Consent decrees are “essential” and shouldn’t be “diminished,” said NAB. The decrees “provide important protections against the inherently anti-competitive features” of PROs, it said. “The blanket licensing of performance rights is inherently anti-competitive because the very nature of the PROs’ blanket license involves the fixing of a single price for all music, irrespective of which songs are actually used.” The decrees shouldn’t be “amended to allow the PROs to discriminate against certain licensees by allowing music publishers to selectively withdraw their catalogs with respect to some licensees but not others,” it said. If amended, consent decrees should “require greater transparency with respect to the PROs’ repertories,” said NAB.
The uniform rates for all songs established in the original 1941 consent decrees were for a “pre-computer world,” said Alan McQuinn, ITIF research assistant and principal author of its comments, in an interview. There should be “dynamic pricing” to reflect the contemporary music licensing landscape, he said. McQuinn said the comments were written from a “neutral” policy perspective. PROs should be able to license mechanical and synchronization rights to “further simplify the complex” music licensing system, commented ITIF. It wants a “one-stop-shop” music catalog so “potential licensees would be free to find and pick what licenses they wish to purchase, and third-party developers could build applications on top of the PRO’s databases to facilitate music licensing.” DOJ should “consider either arbitration or creating a means by which rate courts can expedite their decisions,” it said.
The FMC “refuses to reveal who funds” it and “continues to undermine what’s in songwriters best interest with fear mongering that ultimately benefits the technology companies who profit off of archaic consent decrees,” said NMPA in a statement. “The result of current BMI and ASCAP consent decree restrictions is not simply below-market rates for songwriters and publishers, but an inability to utilize what is fundamentally a free market right in a manner determined by the rights holder to be best."

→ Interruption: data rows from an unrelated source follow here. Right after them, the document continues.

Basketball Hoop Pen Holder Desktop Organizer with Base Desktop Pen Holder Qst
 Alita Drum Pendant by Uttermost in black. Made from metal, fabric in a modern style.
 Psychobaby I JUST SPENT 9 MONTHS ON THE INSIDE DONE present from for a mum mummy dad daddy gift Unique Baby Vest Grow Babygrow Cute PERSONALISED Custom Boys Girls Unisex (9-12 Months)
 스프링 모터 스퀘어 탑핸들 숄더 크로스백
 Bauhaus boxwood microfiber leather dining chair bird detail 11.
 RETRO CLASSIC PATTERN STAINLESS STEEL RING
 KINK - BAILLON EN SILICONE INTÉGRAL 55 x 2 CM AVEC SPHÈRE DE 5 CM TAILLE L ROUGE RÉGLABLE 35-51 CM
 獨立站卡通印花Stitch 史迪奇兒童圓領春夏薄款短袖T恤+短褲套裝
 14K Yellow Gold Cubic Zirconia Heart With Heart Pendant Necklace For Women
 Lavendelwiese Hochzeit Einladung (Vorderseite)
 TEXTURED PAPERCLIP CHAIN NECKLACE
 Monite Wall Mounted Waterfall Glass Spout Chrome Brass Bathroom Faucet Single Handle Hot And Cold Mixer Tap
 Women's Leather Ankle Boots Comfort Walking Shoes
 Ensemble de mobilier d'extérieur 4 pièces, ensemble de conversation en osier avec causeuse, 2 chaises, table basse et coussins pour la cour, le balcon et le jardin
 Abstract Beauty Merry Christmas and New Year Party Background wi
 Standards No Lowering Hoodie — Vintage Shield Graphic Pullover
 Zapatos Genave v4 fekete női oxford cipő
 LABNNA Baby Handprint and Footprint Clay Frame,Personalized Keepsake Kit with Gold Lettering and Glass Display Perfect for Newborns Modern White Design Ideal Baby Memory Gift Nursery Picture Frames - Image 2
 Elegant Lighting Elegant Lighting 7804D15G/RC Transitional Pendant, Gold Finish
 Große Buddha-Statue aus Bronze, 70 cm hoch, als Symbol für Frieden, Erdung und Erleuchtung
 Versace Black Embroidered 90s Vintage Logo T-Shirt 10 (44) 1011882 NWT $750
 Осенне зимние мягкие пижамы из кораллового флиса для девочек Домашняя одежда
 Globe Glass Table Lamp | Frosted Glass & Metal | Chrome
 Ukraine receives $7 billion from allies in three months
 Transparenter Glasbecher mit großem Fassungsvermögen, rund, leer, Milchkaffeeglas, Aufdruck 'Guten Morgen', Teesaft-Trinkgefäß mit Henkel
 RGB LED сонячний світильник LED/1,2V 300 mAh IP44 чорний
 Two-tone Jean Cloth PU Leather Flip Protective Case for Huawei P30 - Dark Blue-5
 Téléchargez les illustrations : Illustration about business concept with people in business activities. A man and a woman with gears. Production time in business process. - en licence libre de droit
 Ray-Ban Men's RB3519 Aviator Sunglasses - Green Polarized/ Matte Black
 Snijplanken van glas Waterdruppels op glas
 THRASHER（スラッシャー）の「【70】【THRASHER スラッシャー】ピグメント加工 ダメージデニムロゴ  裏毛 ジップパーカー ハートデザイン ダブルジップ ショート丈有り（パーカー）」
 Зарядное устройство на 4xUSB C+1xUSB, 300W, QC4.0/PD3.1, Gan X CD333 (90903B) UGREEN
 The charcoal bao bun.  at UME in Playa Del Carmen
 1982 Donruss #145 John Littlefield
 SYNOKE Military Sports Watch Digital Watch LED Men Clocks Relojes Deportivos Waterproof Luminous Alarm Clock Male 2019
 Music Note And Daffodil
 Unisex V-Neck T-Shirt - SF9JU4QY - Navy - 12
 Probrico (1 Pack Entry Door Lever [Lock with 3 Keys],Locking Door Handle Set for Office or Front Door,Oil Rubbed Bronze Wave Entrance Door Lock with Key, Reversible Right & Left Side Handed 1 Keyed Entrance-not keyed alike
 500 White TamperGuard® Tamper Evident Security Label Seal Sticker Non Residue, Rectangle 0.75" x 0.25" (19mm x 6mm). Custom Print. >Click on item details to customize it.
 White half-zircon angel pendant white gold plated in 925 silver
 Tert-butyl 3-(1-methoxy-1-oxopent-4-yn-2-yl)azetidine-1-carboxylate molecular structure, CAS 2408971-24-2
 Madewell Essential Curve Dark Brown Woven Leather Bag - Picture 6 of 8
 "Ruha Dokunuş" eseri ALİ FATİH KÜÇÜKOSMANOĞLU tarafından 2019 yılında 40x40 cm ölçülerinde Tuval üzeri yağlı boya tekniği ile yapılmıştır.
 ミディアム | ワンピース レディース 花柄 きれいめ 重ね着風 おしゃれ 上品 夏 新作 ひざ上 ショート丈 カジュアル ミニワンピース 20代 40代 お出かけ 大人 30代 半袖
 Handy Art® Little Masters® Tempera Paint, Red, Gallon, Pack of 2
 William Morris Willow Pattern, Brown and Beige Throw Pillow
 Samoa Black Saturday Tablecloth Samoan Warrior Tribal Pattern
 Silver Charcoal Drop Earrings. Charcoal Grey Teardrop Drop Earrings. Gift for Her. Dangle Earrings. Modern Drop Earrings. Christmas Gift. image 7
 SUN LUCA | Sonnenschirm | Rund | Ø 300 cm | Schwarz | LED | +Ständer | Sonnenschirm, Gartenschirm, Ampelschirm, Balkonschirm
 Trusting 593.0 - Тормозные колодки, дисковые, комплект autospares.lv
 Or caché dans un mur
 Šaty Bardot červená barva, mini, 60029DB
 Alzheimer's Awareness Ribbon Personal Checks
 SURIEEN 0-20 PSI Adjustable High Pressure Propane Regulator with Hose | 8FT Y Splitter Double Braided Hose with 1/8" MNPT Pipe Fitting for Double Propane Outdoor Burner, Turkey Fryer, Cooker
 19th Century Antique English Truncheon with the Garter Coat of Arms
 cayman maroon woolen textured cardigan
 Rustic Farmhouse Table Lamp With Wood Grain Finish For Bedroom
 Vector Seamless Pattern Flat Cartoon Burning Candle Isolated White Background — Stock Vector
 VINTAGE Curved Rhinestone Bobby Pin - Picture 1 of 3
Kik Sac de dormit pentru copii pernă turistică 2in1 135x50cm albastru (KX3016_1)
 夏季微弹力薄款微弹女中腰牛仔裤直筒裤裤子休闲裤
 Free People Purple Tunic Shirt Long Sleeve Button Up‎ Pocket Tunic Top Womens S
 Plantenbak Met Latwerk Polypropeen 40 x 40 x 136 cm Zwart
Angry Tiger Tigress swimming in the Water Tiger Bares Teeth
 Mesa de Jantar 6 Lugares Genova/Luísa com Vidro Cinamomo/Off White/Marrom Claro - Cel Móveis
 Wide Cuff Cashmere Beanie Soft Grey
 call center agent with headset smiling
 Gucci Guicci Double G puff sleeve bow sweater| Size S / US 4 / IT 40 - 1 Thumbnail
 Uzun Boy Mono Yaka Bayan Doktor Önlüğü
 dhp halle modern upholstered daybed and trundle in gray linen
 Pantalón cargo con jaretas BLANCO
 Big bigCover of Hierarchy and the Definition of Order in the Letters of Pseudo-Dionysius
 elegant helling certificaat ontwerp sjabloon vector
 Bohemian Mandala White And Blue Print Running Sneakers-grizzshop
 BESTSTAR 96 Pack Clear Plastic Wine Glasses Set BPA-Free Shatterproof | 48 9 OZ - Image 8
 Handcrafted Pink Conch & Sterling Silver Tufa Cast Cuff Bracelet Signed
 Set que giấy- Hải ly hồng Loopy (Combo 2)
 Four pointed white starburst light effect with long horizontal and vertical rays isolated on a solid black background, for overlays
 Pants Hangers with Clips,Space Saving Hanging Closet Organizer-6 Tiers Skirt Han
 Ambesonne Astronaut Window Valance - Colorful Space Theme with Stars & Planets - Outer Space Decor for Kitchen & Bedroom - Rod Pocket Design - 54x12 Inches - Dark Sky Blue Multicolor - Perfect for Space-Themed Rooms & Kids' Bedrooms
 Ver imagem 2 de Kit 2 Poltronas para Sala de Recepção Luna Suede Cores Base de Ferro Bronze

"The interests of the multinational corporations that own the major publishers may sometimes align with ‘what’s in songwriters’ best interest,’ but certainly not always,” said FMC in a statement. “On those occasions when NMPA does the right thing for songwriters, we'll even defend them from unfair criticism,” but when NMPA’s “position puts songwriters at risk, we say that too,” it said. “Rather than engage our actual arguments about benefits of the consent decrees and songwriters’ continued need for transparency, direct payment, and guaranteed splits,” NMPA resorts to “aggressive ad hominems,” said FMC, saying it would prefer to work with NMPA on issues of agreement. FMC isn’t “alone” in its “concern” over the “biggest publishers crippling the PRO system and disadvantaging indie-affiliated songwriters by robbing them of negotiating leverage,” it said.